[Short web captions]

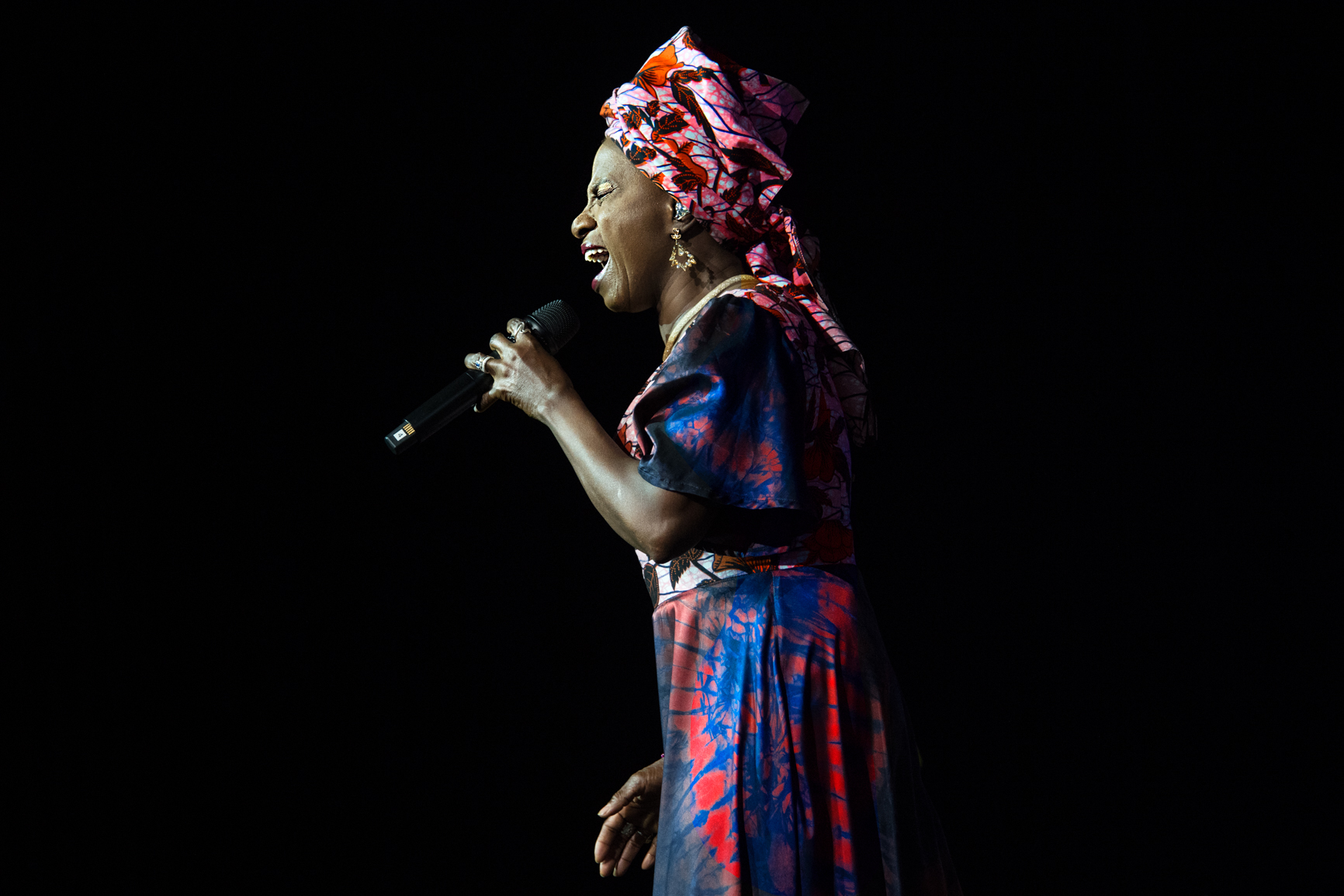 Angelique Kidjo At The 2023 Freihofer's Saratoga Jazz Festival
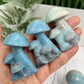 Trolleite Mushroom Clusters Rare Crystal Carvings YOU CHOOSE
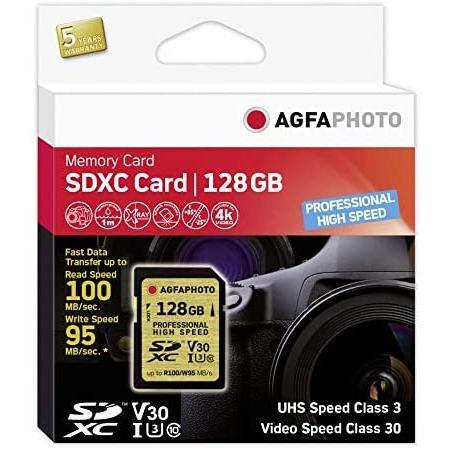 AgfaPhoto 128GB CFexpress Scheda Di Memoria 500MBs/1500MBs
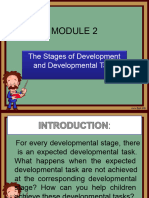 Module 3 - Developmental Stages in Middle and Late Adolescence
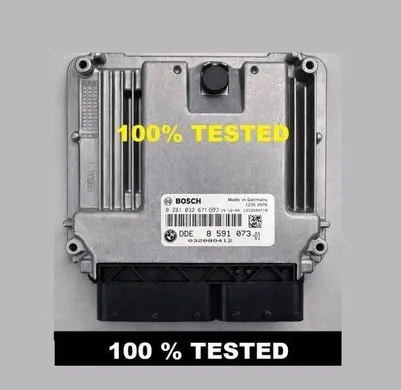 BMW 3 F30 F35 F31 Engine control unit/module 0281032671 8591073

*Problem requirements*
Please transcribe exactly the lines from the one that contains "Trolleite Mushroom Clusters" through the closing line of the entries, with no pictures.

*Solution below*
 Trolleite Mushroom Clusters Rare Crystal Carvings YOU CHOOSE
 AgfaPhoto 128GB CFexpress Scheda Di Memoria 500MBs/1500MBs
 Module 3 - Developmental Stages in Middle and Late Adolescence
 BMW 3 F30 F35 F31 Engine control unit/module 0281032671 8591073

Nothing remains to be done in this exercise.